--- TRY IT ---
An exact copy is needed of each line from the one including "Autumn Leaves Pillow (Front)" through the last line of the entries, both ends counted, with nothing added.

--- DATASET ENTRIES ---
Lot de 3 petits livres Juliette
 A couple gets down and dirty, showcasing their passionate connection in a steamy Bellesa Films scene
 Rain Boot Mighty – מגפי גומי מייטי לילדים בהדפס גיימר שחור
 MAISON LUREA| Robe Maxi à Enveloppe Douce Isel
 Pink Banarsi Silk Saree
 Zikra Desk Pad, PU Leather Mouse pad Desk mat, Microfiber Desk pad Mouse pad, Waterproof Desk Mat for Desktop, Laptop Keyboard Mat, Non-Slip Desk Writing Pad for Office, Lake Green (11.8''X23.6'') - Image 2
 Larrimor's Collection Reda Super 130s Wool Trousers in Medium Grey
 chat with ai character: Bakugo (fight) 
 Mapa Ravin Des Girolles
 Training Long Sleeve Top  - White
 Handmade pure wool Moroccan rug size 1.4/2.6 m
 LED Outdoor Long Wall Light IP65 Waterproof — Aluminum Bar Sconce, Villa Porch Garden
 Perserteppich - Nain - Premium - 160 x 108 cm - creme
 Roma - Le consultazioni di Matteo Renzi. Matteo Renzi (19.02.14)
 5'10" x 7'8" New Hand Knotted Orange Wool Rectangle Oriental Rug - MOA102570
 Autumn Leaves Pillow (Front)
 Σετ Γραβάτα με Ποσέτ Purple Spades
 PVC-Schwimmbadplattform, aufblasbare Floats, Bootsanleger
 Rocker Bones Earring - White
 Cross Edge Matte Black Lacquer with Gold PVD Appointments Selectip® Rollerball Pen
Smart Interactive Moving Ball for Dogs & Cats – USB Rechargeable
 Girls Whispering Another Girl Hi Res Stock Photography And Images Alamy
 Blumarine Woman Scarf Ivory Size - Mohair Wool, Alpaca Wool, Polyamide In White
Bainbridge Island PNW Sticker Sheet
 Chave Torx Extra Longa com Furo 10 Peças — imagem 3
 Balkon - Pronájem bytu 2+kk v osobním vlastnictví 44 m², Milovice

--- SOLUTION FOR THIS PROBLEM ---
 Autumn Leaves Pillow (Front)
 Σετ Γραβάτα με Ποσέτ Purple Spades
 PVC-Schwimmbadplattform, aufblasbare Floats, Bootsanleger
 Rocker Bones Earring - White
 Cross Edge Matte Black Lacquer with Gold PVD Appointments Selectip® Rollerball Pen
Smart Interactive Moving Ball for Dogs & Cats – USB Rechargeable
 Girls Whispering Another Girl Hi Res Stock Photography And Images Alamy
 Blumarine Woman Scarf Ivory Size - Mohair Wool, Alpaca Wool, Polyamide In White
Bainbridge Island PNW Sticker Sheet
 Chave Torx Extra Longa com Furo 10 Peças — imagem 3
 Balkon - Pronájem bytu 2+kk v osobním vlastnictví 44 m², Milovice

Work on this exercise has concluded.